# Marginal stability of discrete linear time-invariant system

I have a question about marginal stability of a system: $$$$\mathbf{x}[k] = \mathbf{A}\mathbf{x}[k-1]$$$$ I would adapt the definition of marginal stability from this question to the above discrete system. The system is marginally stable if the signal $$\mathbf{x}[k]$$ is bounded, i.e.: $$$$\lim_{k\rightarrow\infty} \mathbf{x}[k] < M < \infty$$$$ I have trouble finding the correct book reference.

Most of the references I have found talk about asymptotic stability, and state that spectral radius of matrix should be $$\rho(\mathbf{A}) < 1$$. If at least one eigenvalue of matrix $$\mathbf{A}$$ is outside unit circle, the above system is unstable.

I have read in few references that multiple same eigenvalues result in the unstable matrix. However, I don't think this is the case for the unit matrix: $$$$\mathbf{A} = \begin{bmatrix} 1 & 0\\ 0 & 1 \end{bmatrix}$$$$ In this case the matrix has two same eigenvalues with value $$1$$, and matrix is marginally stable.
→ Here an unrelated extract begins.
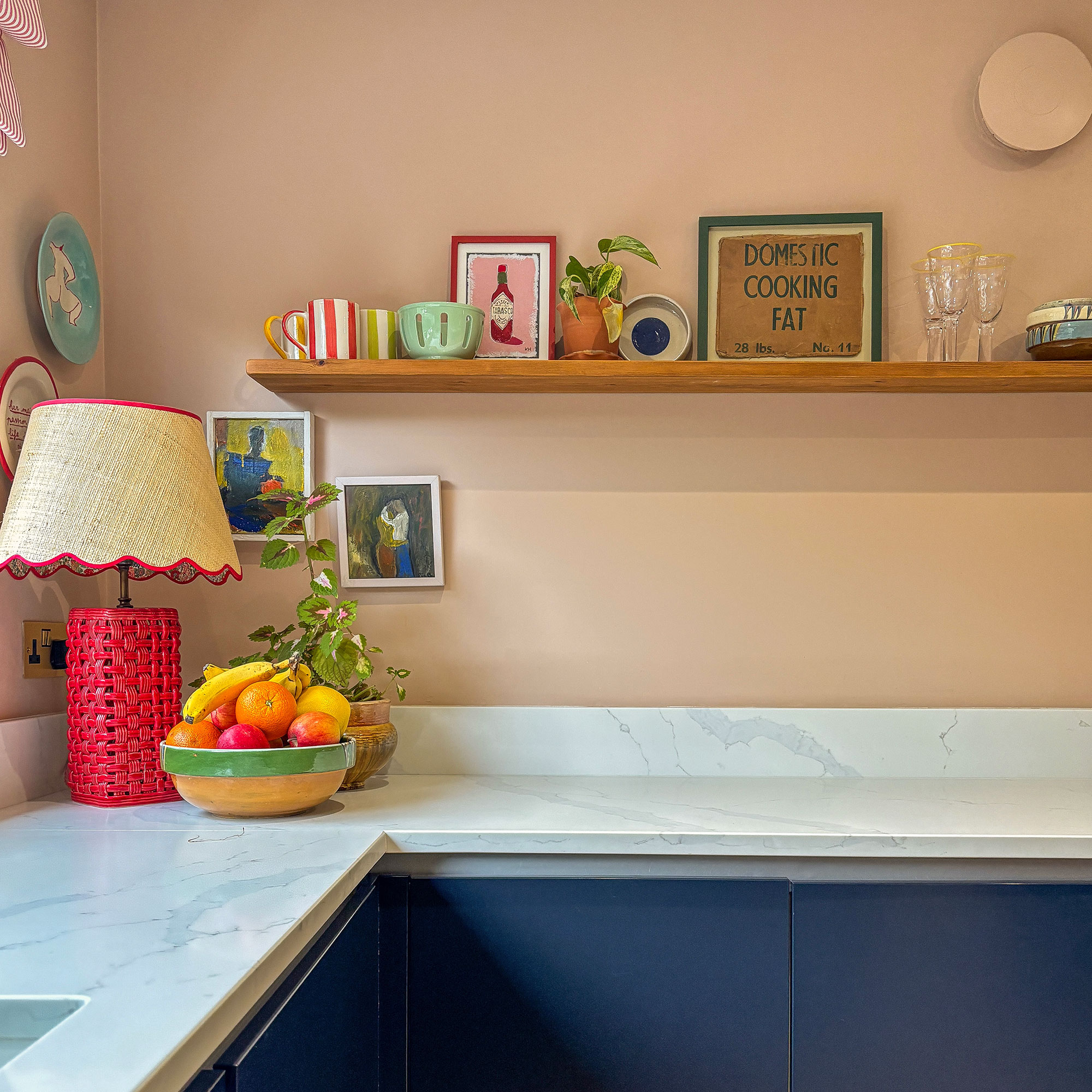 Peach kitchen with red lamp, fruit bowl, art on walls and floating shelf with artwork and drinking vessels above stone worktop and blue cabinetry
What confuses me is that you can have the following matrix: $$$$\mathbf{A} = \begin{bmatrix} 2 & -1\\ 1 & 0 \end{bmatrix}$$$$ with same eigenvalues, but this system is unstable.
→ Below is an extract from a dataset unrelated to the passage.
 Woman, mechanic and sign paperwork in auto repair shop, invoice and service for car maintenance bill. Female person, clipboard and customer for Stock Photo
Can marginal stability be characterized by the location of eigenvalues? How can I determine whether the system above is stable by analyzing the matrix $$\mathbf{A}$$. If possible, could you provide a reference?

Actually, this is a question that you should concern the matrix $$A$$'s geometric multiplicity (see the reference How do you calculate the geometric multiplicities?). For simplicity, the geometric multiplicity of matrix $$A$$ is equal to the null space dimension of characteristic $$|A-\lambda I |$$. Firstly, it should be no doubt that if any eigenvalue is outside the unit cycle, the discrete time system is unstable (since this will boost the system). Secondly, if all eigenvalues are inside the unit cycle, the system is asymptotic stable. When eigenvalues occur at the unit boundary, things will become a little bit tedious. It states that the system is stable if and only if: 1. for the eigenvalues with geometric multiplicity equal to 1, they can inside or on the unit cycle (that is to say not outside the unit cycle). 2. for the eigenvalues with larger than 1 geometric multiplicity, they must have modulos smaller than 1. I hope this can somehow solve your concerns. For the details, these statements can be verified by the expansion of the exponential matrix in discrete-time.